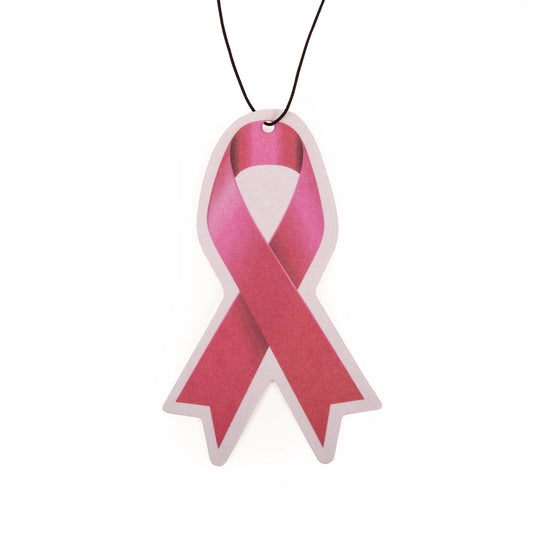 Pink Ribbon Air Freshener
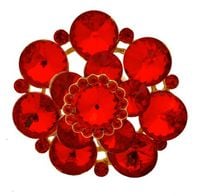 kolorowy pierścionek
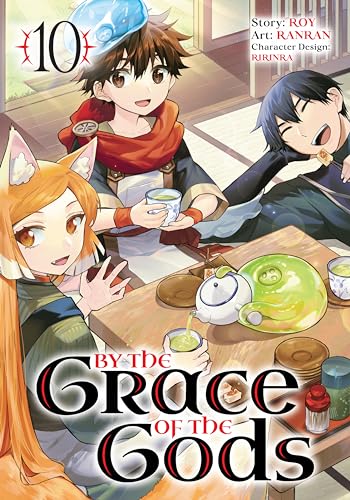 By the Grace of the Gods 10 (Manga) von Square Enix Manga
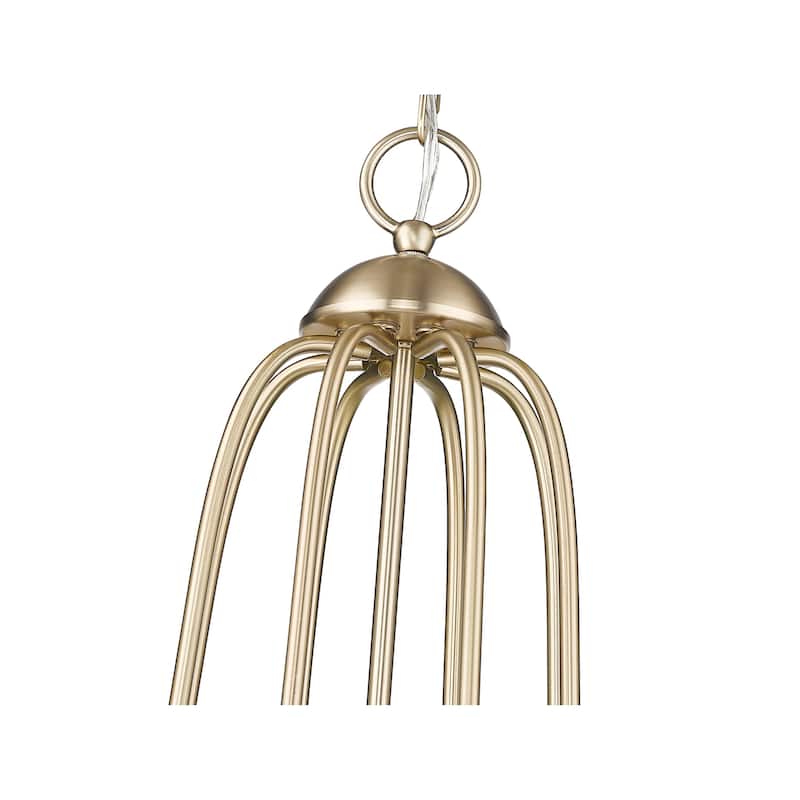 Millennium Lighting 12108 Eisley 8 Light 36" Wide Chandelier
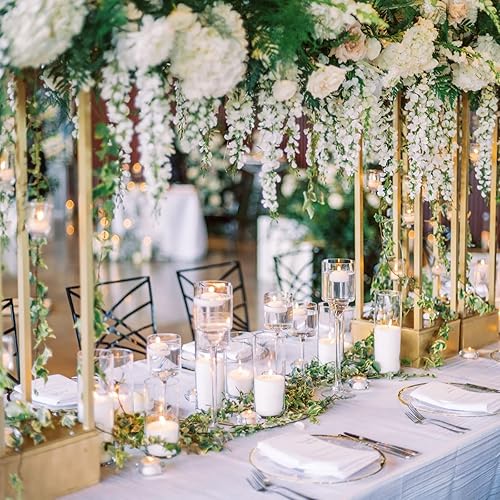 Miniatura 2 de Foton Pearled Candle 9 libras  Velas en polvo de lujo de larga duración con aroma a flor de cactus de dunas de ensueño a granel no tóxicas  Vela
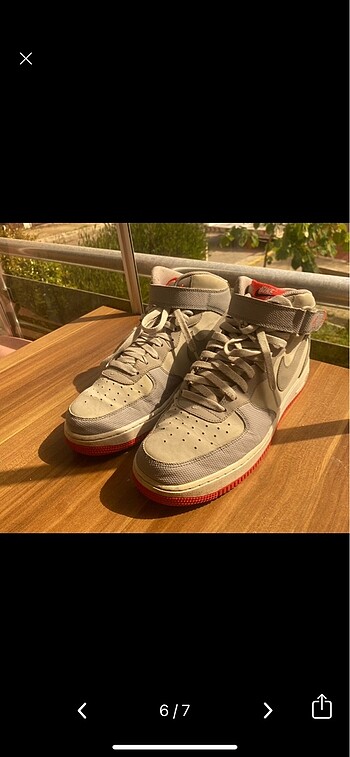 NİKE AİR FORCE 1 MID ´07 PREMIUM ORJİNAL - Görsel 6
++++++
Copy the lines from the line that contains "kolorowy pierścionek" through the end of the records, exactly and with nothing added; leave the pictures out.

Answer section —
 kolorowy pierścionek
 By the Grace of the Gods 10 (Manga) von Square Enix Manga
 Millennium Lighting 12108 Eisley 8 Light 36" Wide Chandelier
 Miniatura 2 de Foton Pearled Candle 9 libras  Velas en polvo de lujo de larga duración con aroma a flor de cactus de dunas de ensueño a granel no tóxicas  Vela
 NİKE AİR FORCE 1 MID ´07 PREMIUM ORJİNAL - Görsel 6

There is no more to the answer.